Lessons from Past System Failures

In 2010 in San Bruno California and in 2014 in East Harlem, New York natural gas pipelines failed causing deadly explosions.  State governments and their public utility commissions responded over the next few years to incentivize and accelerate the replacement of older pipes.  This increased the growth rate of the average gas utility’s rate base and earnings from 3-4% per year to about 8% per year.[1]

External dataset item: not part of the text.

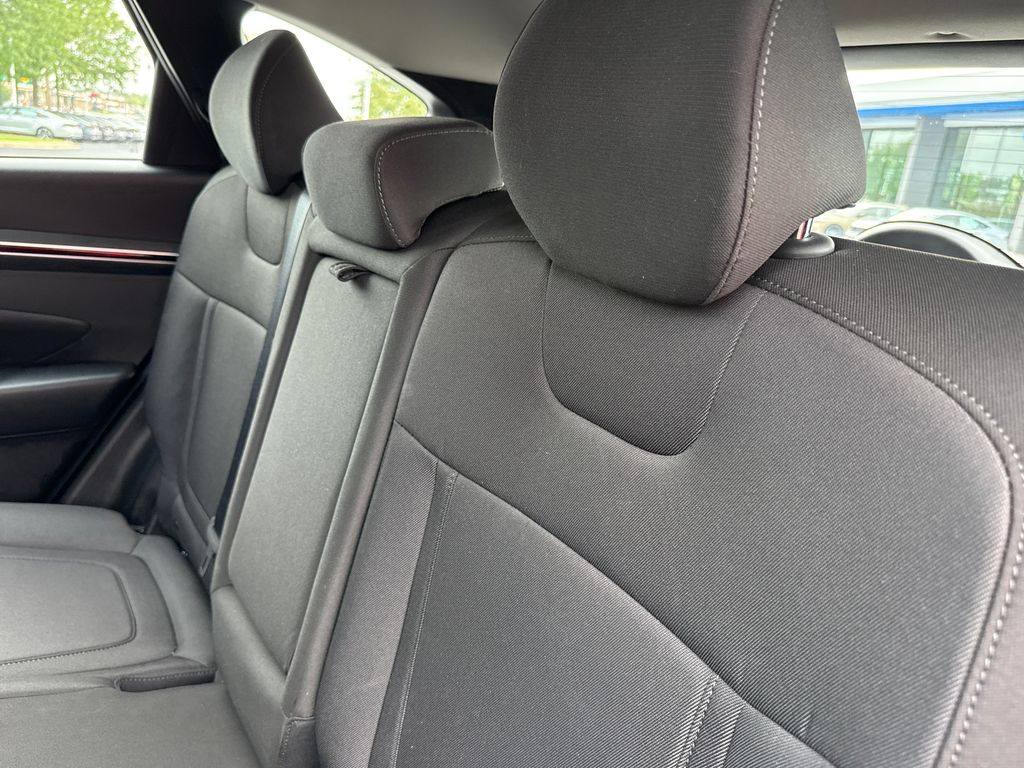 2024 Hyundai Tucson SE - Photo 18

Implications for the Energy Transition

Following the Winter Storm Uri February disaster, the head of the Texas Railroad Commission (TRC) claimed that renewable power is crowding out fossil fuel investment and undermining reliability.  The TRC is the chief regulator for Texas’ oil and gas industry, but also tends to be its chief cheerleader.  In fact, all systems failed in February, and loss of thermal generation—mostly gas—was the primary driver of the blackouts.  Complicating things further, compressor stations that move gas through pipelines depend on electricity and about half of Texas’ electricity is generated by – you guessed it – natural gas, meaning that the solution is system hardening, more redundancy and more fuel diversification, not less.  The interdependency of the energy system is often overlooked during these events.  For example, during Hurricane Sandy, the lack of electricity shut down gasoline service stations so people couldn’t get fuel for their generators.

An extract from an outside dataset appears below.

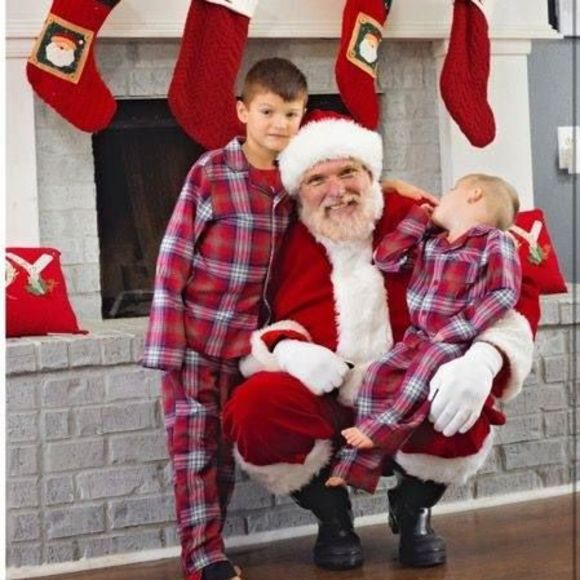 Profile Picture of Randy Wolf (@comedywolf) on Poshmark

What do Texas and California have in Common?

California always wants to “do their own thing, which in this case means being greener than everyone else.  So, over the last five years, California shut down 8 natural gas fired power stations representing 10-11% of its statewide power generation.  According to their prior plans, this generation capacity would be replaced by more renewables and higher imports of wholesale power from other Western states, much of it generated by coal and natural gas. But when the heat wave hit California, it also hit the other Western states so imports into California were not sufficient to meet demand. As in Texas, when demand for electricity exceeds supply, grid operators can be forced to implement rotating blackouts to avoid permanent system damage. And, as in Texas, the intermittency of renewables was not a surprise nor a shortfall relative to plan. The failure was a lack of redundancy and surplus capacity due to planning process driven by politics rather than engineering necessity.

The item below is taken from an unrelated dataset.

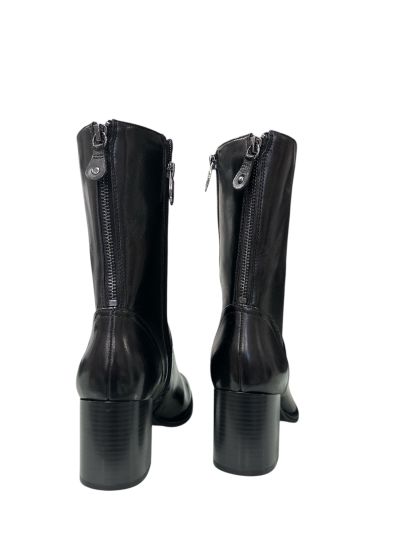 Black leather boots with a higher length - elegant and comfortable! REGARDE LE CIEL (SKU) HILARY03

Texas’ fierce political independence also contributed to its crisis.  To avoid federal oversight, the state’s electricity grid has very limited interconnections the other major U.S. power systems, making it an electrical “island,” unable to import power from neighboring states.  One solution would be to build new high voltage transmission to allow more power to flow into the state, which would represent a potential multi-billion-dollar opportunity for transmission and distribution utilities.  So, what California and Texas each have in common is that if they cannot (California) or will not (Texas) depend on their neighbors for help when their own systems are stressed, they each need significant investments in surplus capacity and system hardening.  California has already adjusted its ten-year resource plan which now calls for roughly the same amount of gas fired generation in 2030 as in 2021, albeit at a lower share as renewables continue to grow.

Rebalancing Investor Sentiment

Investor sentiment on natural gas has suffered as investors pour money into solar panel and fuel cell producers.  Many are arguing that all fossil fuels, including natural gas, are simply going away, especially as communities in California, New York, and Massachusetts have proposed banning new natural gas hookups.  However, the rolling blackouts in California and Texas highlighted the importance of natural gas to reliable energy supply, with a corresponding shift in investor sentiment.

Less than 10% of U.S. carbon emissions come from gas fired space heating and cooking (electric power generation and transportation represent about 70%)[2]. Current regional challenges notwithstanding, the gas system is largely below ground, remains very robust and provides nearly 100% of back-up energy to non-rural households during blackouts, so the narrative about natural gas going away has probably been diluted by recent events.

Fun Facts Department – How cold weather affects all forms of energy:

Natural gas and crude oil come out of the ground with a fair amount of water, which is typically separated at the wellhead.  In colder climates (such as the northern Rockies/Canada), wellhead facilities are protected from freezing, and pipes that gather the gas are typically underground.  That’s not the case in the Permian Basin in West Texas, where gathering lines are typically above ground, and wellheads aren’t equipped for extreme cold, because it typically doesn’t happen.  So, under conditions like this, “freeze-offs” can slow or even shut down production and were a significant contributing factor to the gas shortfall in Texas.    Further, since natural gas pipelines rely on electricity and about 40+% of electricity is fueled by natural gas there is a negative feedback loop in gas transport even if the wells are not frozen.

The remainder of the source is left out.